Речь действительно шла о формировании человека нового типа — человека, к которому власть никак не могла подобраться, ни через душу, ни через тело. Конечно, Екатерина еще не ввела принцип полной депутатской неприкосновенности, но уже то, что депутат был лично неприкосновенен, должно было создавать особое социально-психологическое самосознание. И та удивительная активность, те яростные споры без оглядки на власть объясняются не только тем, что в обществе накопилась некая энергия и людям, которых никогда не спрашивали, нужно было выговорить свои соображения и жалобы, но и тем, что депутат уже чувствовал себя независимым (и как быстро поверил в свою независимость!).
И вот эти граждане какого-то будущего желанного государства собрались, чтобы дать стране новые законы. О чем они говорили, чего хотели, какие законы собирались установить?

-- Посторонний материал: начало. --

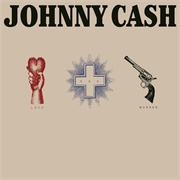 Johnny Cash Love God Murder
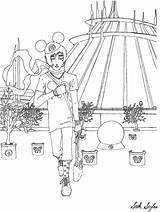 Space Mountain Coloring Pages sketch template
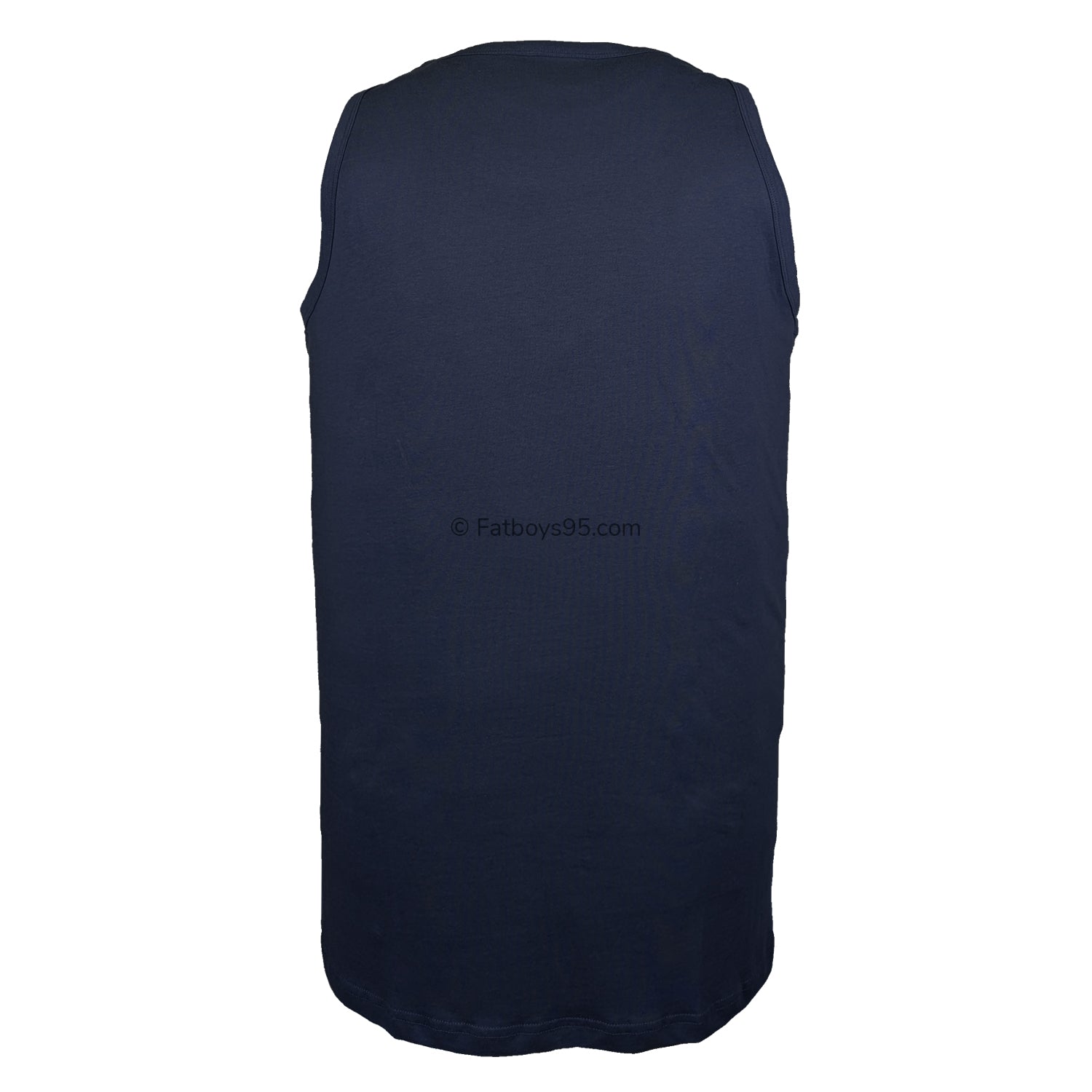 Espionage Plain Vest - T017 - Navy 2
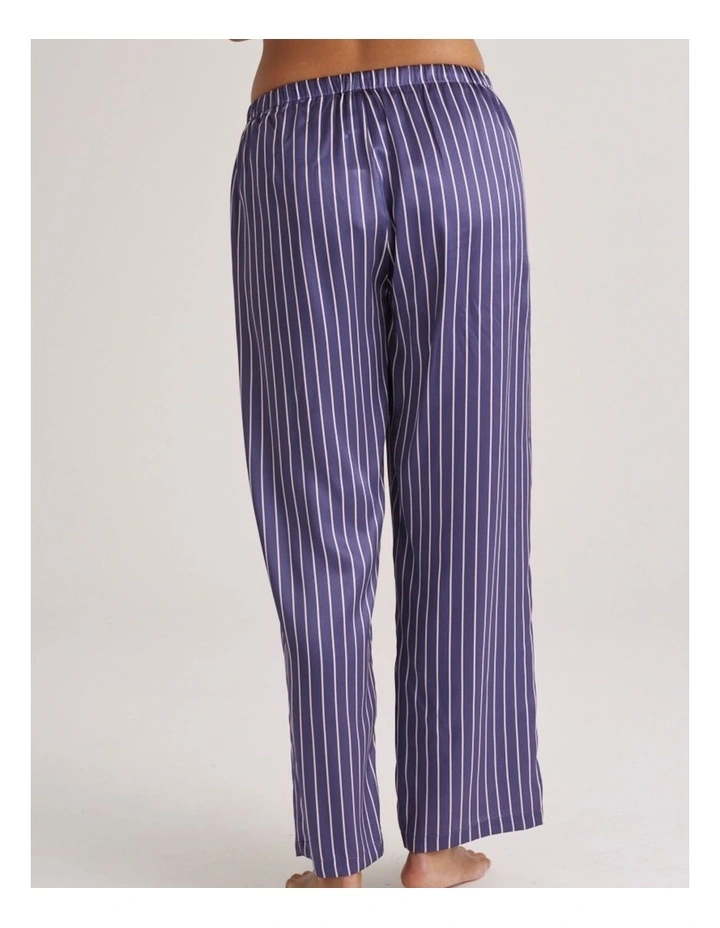 Pure Silk Pants in Manor Stripe image 4
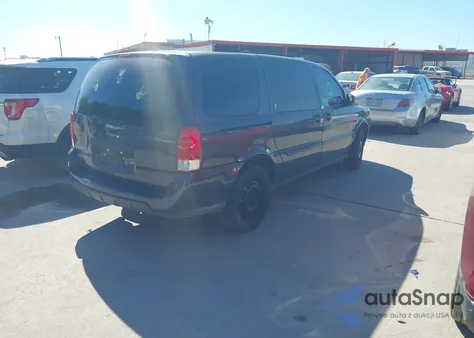 2008 Chevrolet Uplander Ls z USA, uszkodzony, nr VIN 1GNDV23W58D197399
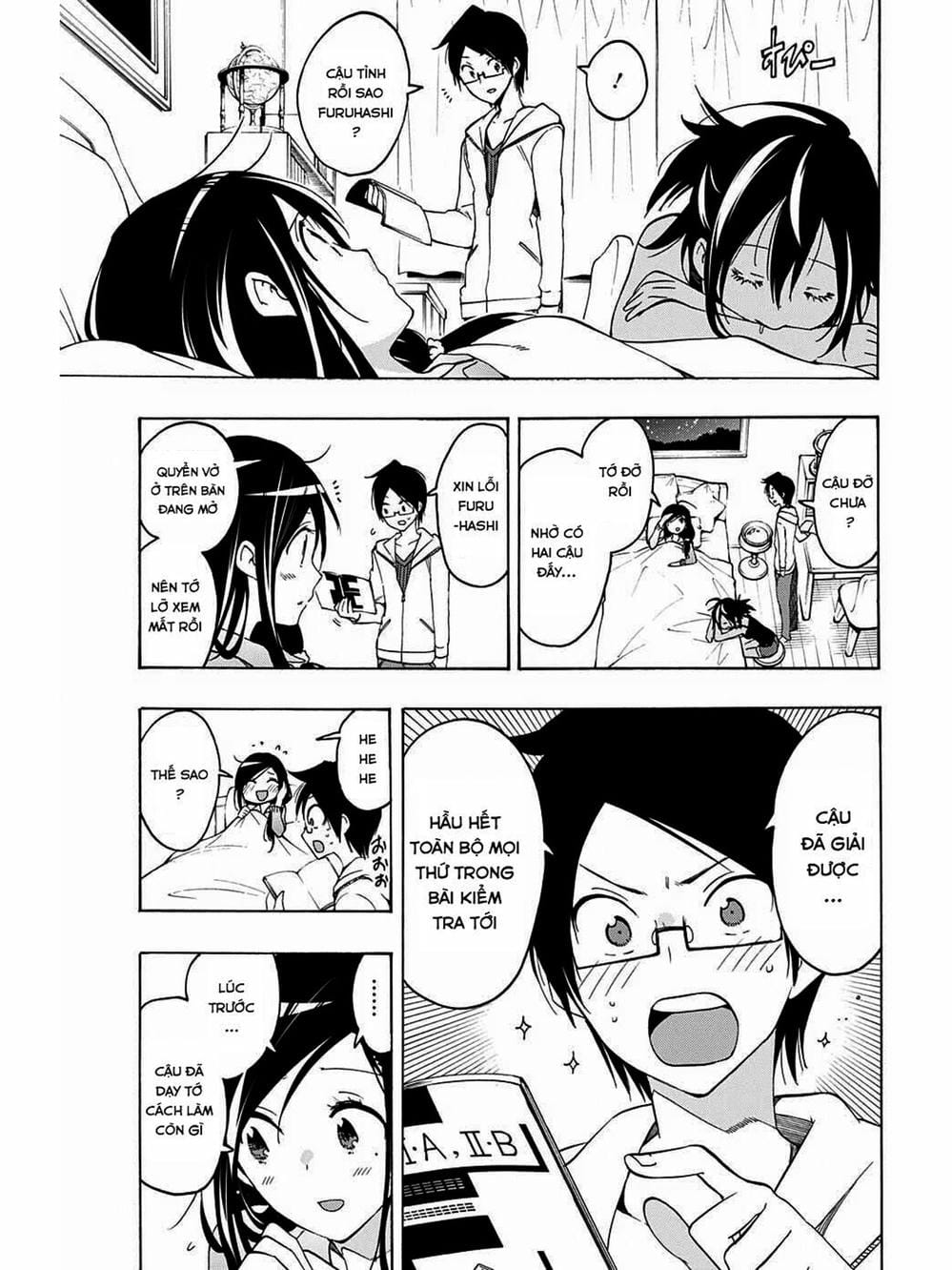 Truyện Tranh Chúng Mình Không Học Nổi - We Can’t Study trang 4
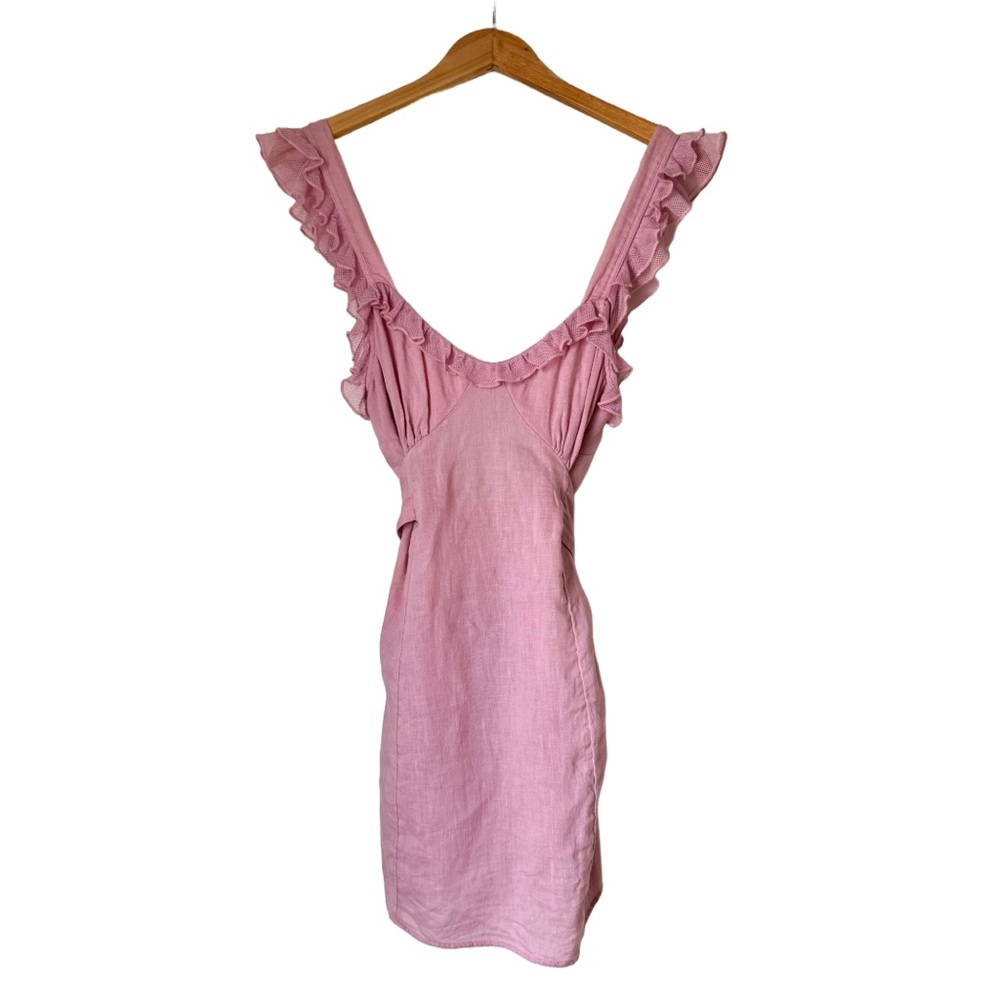 Pink Mini Dress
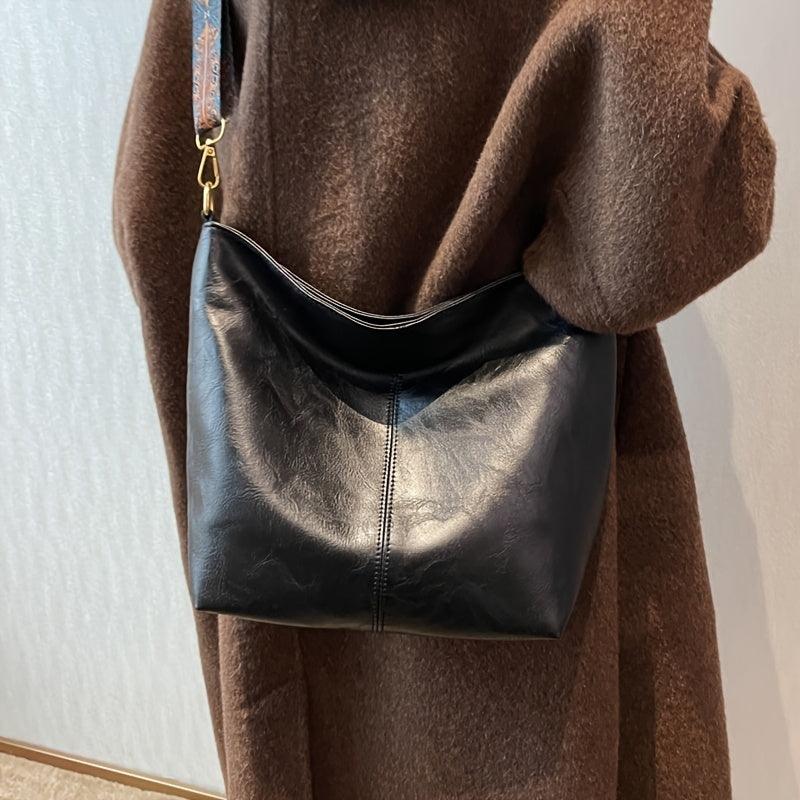 Ruina® | Large Leather Handbag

30 июля 1767 года из Головинского дворца в Лефортове, где останавливался двор, двинулась грандиозная процессия, потянулись дворцовые кареты; в одной из них, запряженной восьмериком, ехала Екатерина в мантии и в малой короне; за ее каретой — Григорий Орлов («безусловно самый красивый мужчина в империи», во всяком случае саженного роста) вел взвод кавалергардов, за ними — карета великого князя Павла, тогда тринадцатилетнего, — все это было пышно, многолюдно, сверкающе и медленно двигалось к Кремлю; толпы народа сбегались смотреть на великолепное шествие. Екатерина Москвы не любила (оплот оппозиции), но там, где нужно было создать атмосферу особой торжественности, пользовалась древней столицей, ее Кремлем, ее соборами, могучим гулом ее колоколов, — Петербург, лишенный традиций, такой атмосферы создать не мог.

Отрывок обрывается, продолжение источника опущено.